For Adams, he said the bike lane parking issue was one of enforcement, and making sure to take care of known bike lane blocking hot spots once they’re identified, at least when it comes to civilians engaging in the practice. If the subject is police blocking the bike lane, Adams stuck by his previously suggested solution of having integrity control officers in offending precincts take care of the issue. Pressed further on the issue, as he might be the place where the buck stops soon, Adams said ICOs who shrug off that responsibility could wind up getting a personal phone call from a Mayor Adams.

Borough President Adams with reporters. Photo: Gersh Kuntzman
Borough President Adams with reporters. Photo: Gersh Kuntzman

“All I have to do is pick up the phone and call that integrity control officer, send him a picture of the blocked bike lane, and that problem is going to be resolved instantly,” said Adams. “I don’t think this police department has utilized the role of the integrity control officers the way they should, and I’m going to make forward use of them.”
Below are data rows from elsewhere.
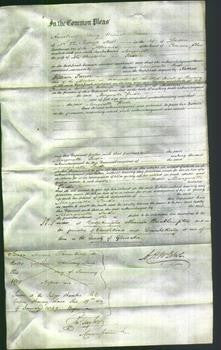 Court of Common Pleas - Margarette Christopher-Original Ancestry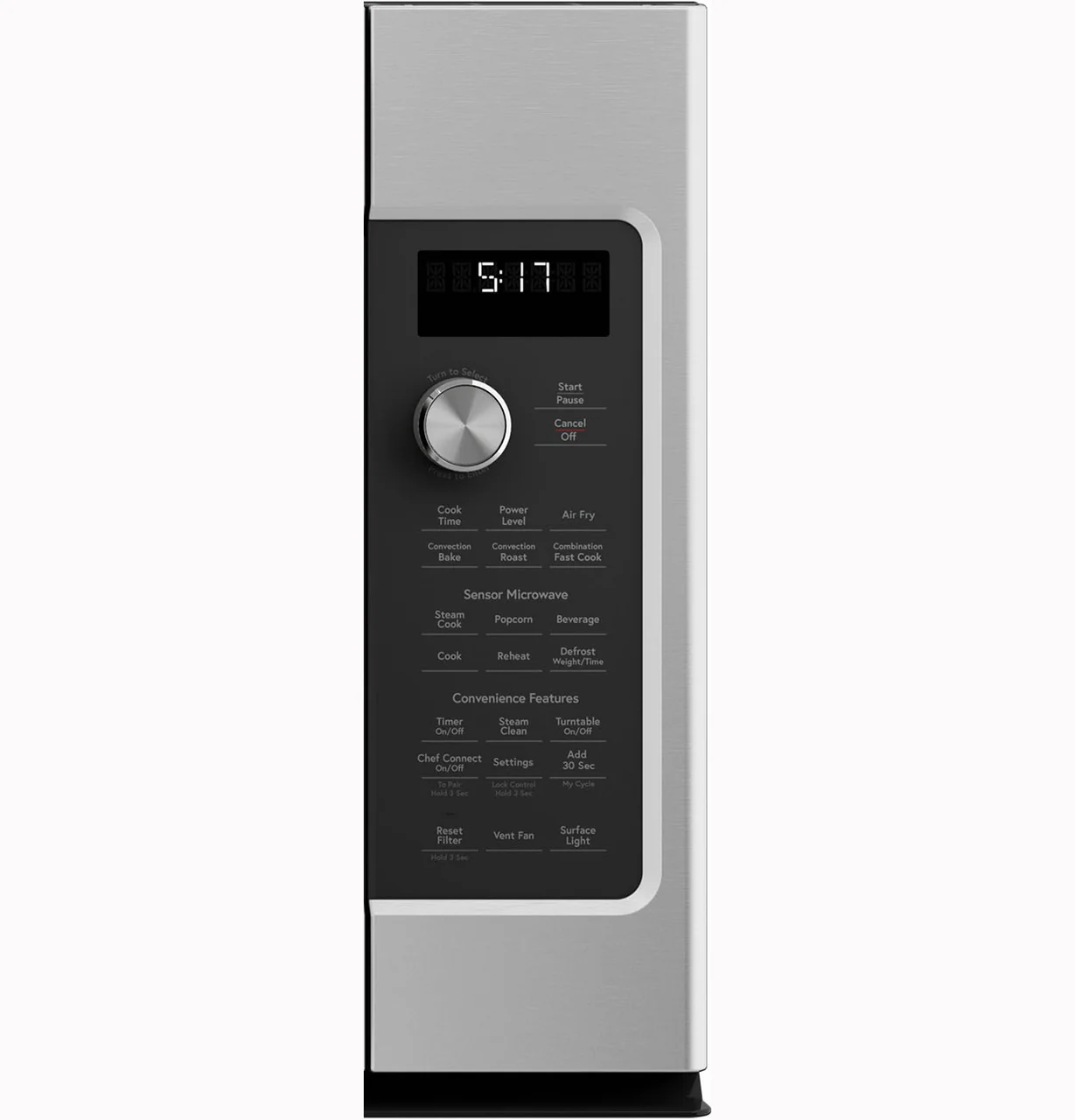CAFÉ™ 1.7 Cu. Ft. Convection Over-the-Range Microwave Oven - Image 7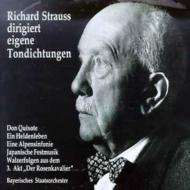 ���쎩���Wvol.1 : Strauss / Bayerischen Staatsoper, Quixote, Helden, Alpen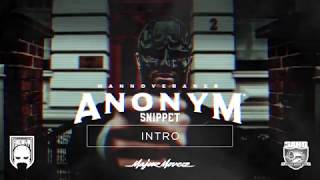 Anonym  Intro SNIPPET [upl. by Aicelet105]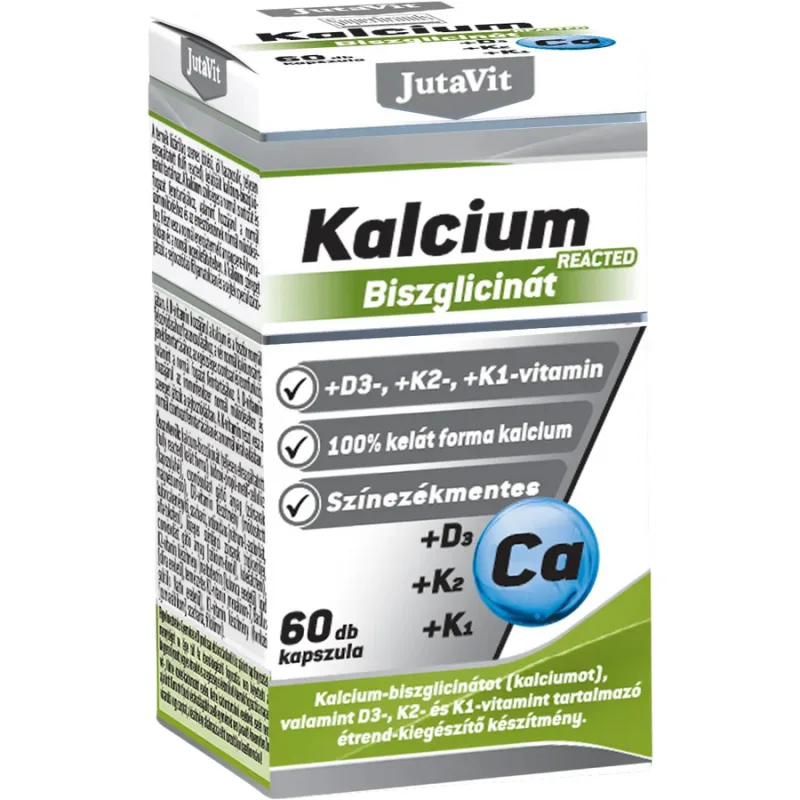 Bisglicinat de Calciu 60tb JUTAVIT — preț și oferte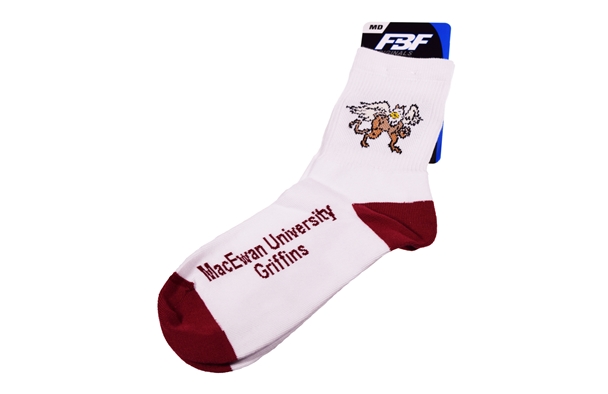 MacEwan University Bookstore Adult Ankle Socks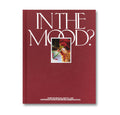 A24 "In the Mood?" film book featuring cover art and pages from the A24 film publication.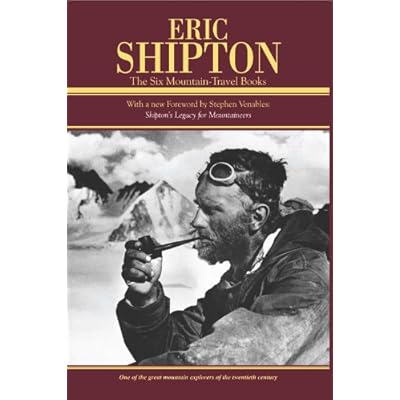 Eric Shipton the Six Mountain-travel Books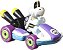 Dry Bones (Super Mario Bros) / Mario Kart - Carro Colecionável Hot Wheels  (6cm) - Imagem 3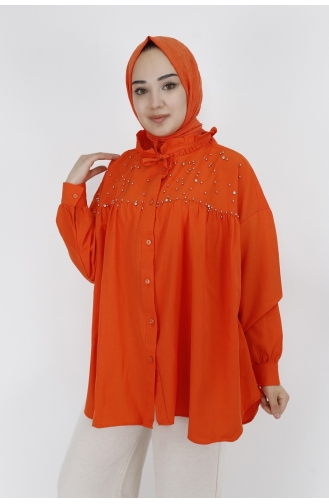 Chemise Orange 7120-04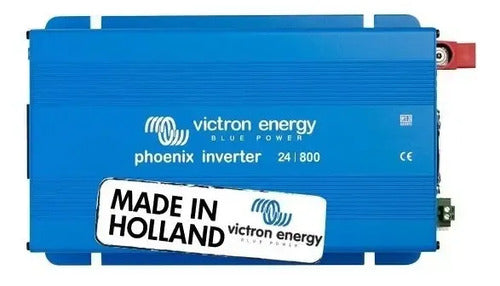 Inversor Solar Fuera De La Red Victron Phoenix De 800 Va Y 24 V S120 V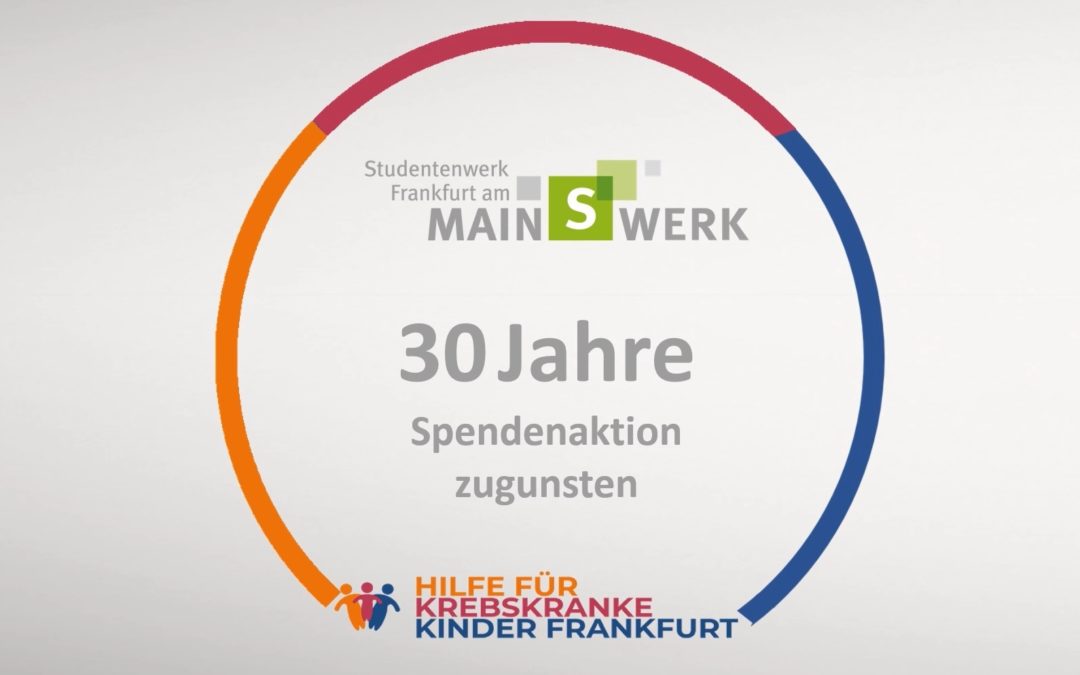 Spendenaktion Studentenwerk Frankfurt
Whether cyclists trust that pronouncement could come down to whether they remember the fight over leaving cars parked on Cadman Plaza in front of Brooklyn Borough Hall. The BP defended his practice of letting employees park their cars on the public park, a practice he did not start, but did continue when he took over as borough president from Marty Markowitz in 2014.

Pressed during the ride on how he handled that issue, Adams characterized it as an issue where advocates decided to pick on him because he wasn’t perfect. And while he was able to correctly peg his attitude towards cyclists and street safety as one that was friendlier than his anti-bike predecessor, even today reporters found Adams’s personal car and an office minivan with three speeding tickets since January 2020 parked on the sidewalk (see below).

Two cars parked in Cadman Plaza before Adams' bike ride. Photo: Gersh Kuntzman
Two cars parked in Cadman Plaza before Adams’s bike ride. Photo: Gersh Kuntzman

“I think I set the best example. There has never been a borough president more bike friendly than me. Marty was hostile. Scott Stringer, he doesn’t even know how to spell ‘bike,'” he said of his rival for City Hall who put forward aggressive pedestrian- and cyclist-friendly plans, though was resoundingly defeated.

“So what [advocates] need to do is don’t look for perfection. Look at your best ally. I have been the best ally for bikers, and safe roads. Compare my record to any of the borough presidents and then use that as a criteria,” Adams said. “But is that what folks did? No they said, ‘Let’s beat up Eric because you’re not perfect.’ And it just was wrong.”